» **SOURCE INFORMATION**:
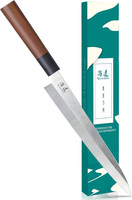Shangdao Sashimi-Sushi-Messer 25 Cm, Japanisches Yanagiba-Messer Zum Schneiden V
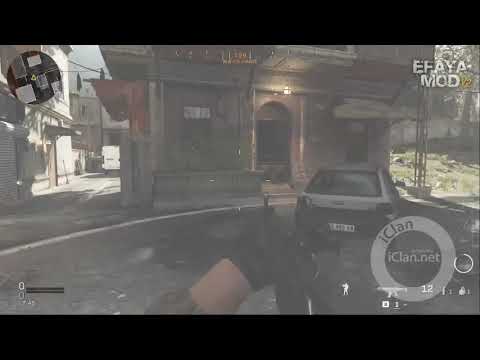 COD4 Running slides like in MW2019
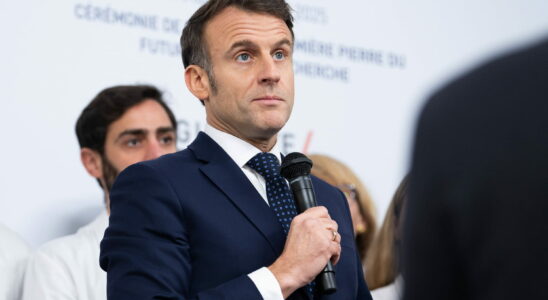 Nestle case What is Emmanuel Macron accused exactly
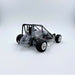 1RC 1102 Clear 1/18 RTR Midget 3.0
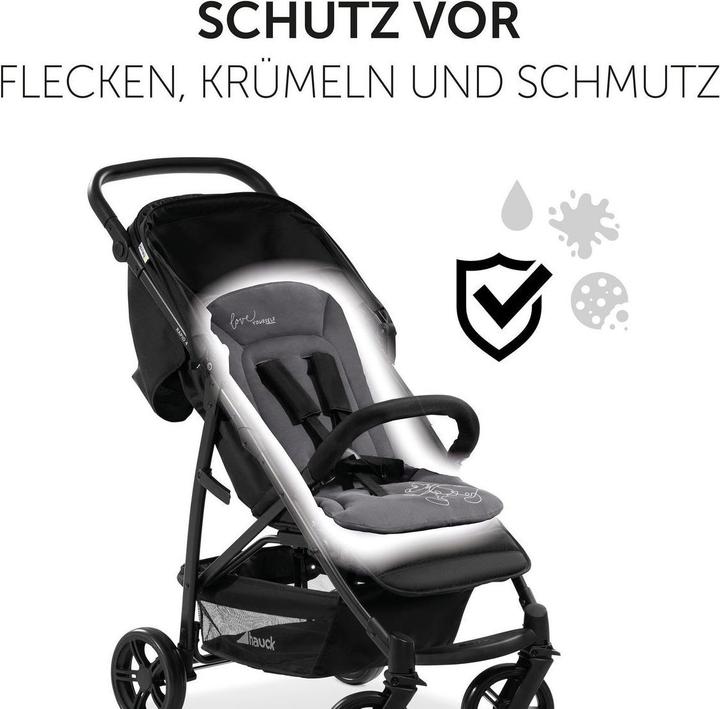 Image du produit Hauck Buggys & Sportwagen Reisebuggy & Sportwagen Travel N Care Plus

--

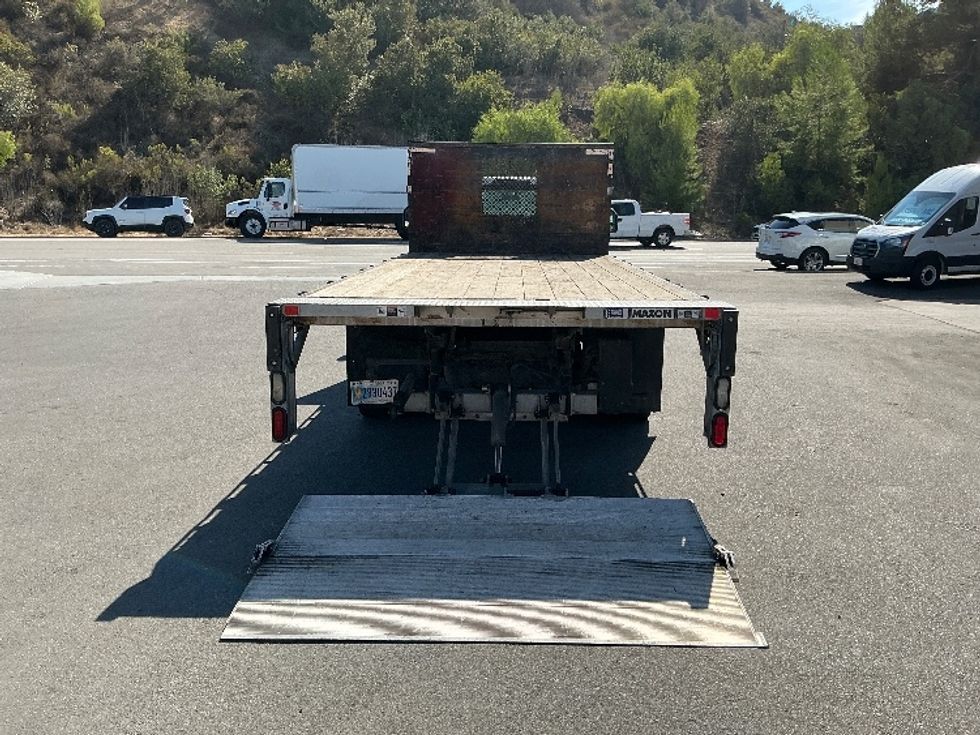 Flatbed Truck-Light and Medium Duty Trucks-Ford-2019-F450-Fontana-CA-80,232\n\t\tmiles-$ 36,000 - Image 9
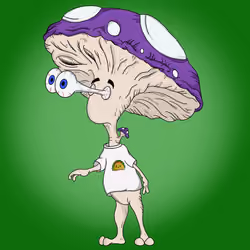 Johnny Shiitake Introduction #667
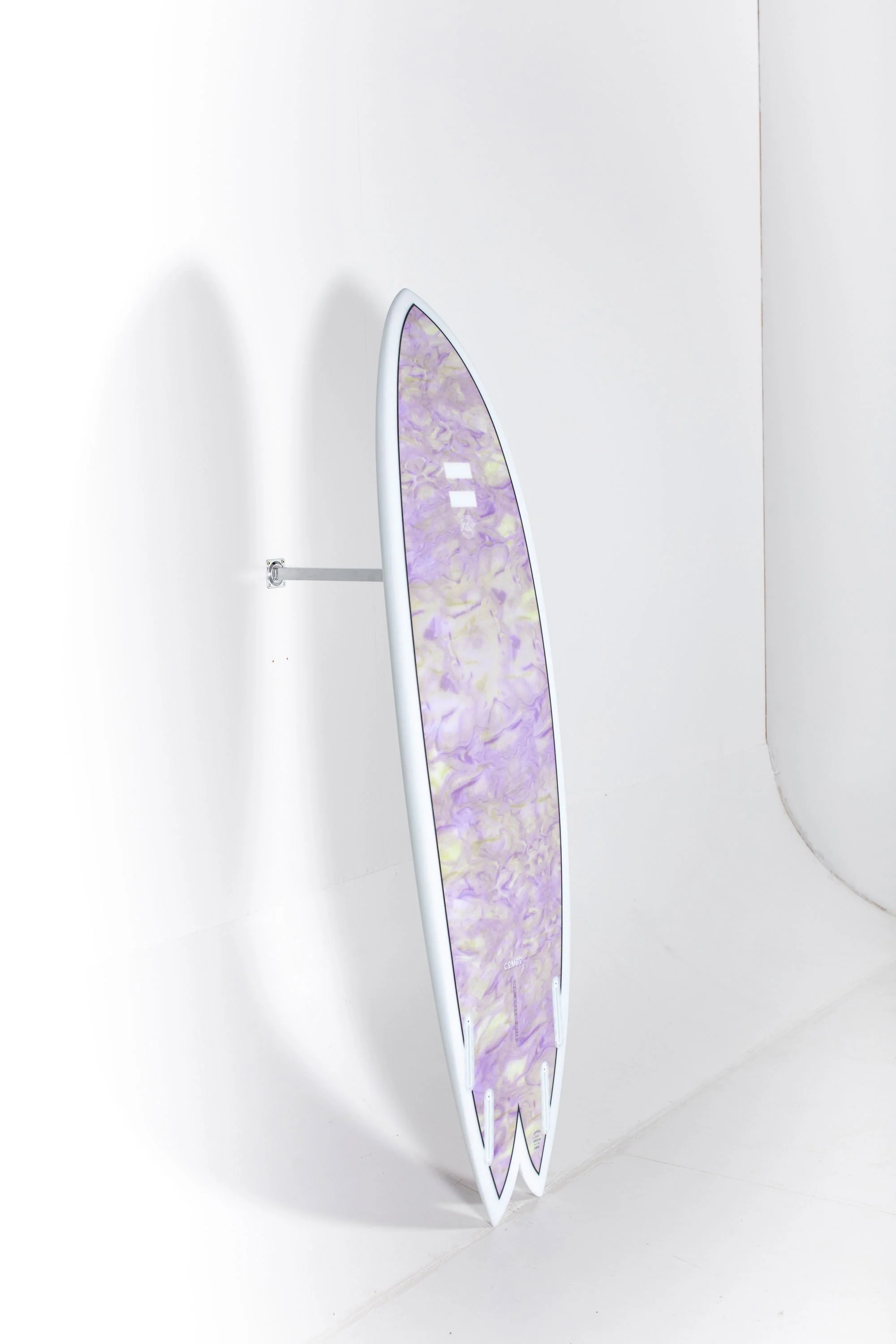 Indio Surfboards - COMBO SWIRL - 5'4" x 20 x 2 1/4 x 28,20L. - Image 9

--

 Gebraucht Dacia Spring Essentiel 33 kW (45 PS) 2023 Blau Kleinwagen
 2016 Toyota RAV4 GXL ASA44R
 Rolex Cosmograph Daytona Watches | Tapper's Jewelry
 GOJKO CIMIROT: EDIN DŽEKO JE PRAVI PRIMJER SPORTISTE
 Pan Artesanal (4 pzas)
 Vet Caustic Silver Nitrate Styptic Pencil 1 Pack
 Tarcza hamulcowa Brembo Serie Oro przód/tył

» **INSTRUCTIONS TO FOLLOW**: Go through the material above and output exactly the lines from the one containing "GOJKO CIMIROT: EDIN" through the one containing "Tarcza hamulcowa Brembo Serie Oro przód/tył".

» **SOLUTION BELOW**:
 GOJKO CIMIROT: EDIN DŽEKO JE PRAVI PRIMJER SPORTISTE
 Pan Artesanal (4 pzas)
 Vet Caustic Silver Nitrate Styptic Pencil 1 Pack
 Tarcza hamulcowa Brembo Serie Oro przód/tył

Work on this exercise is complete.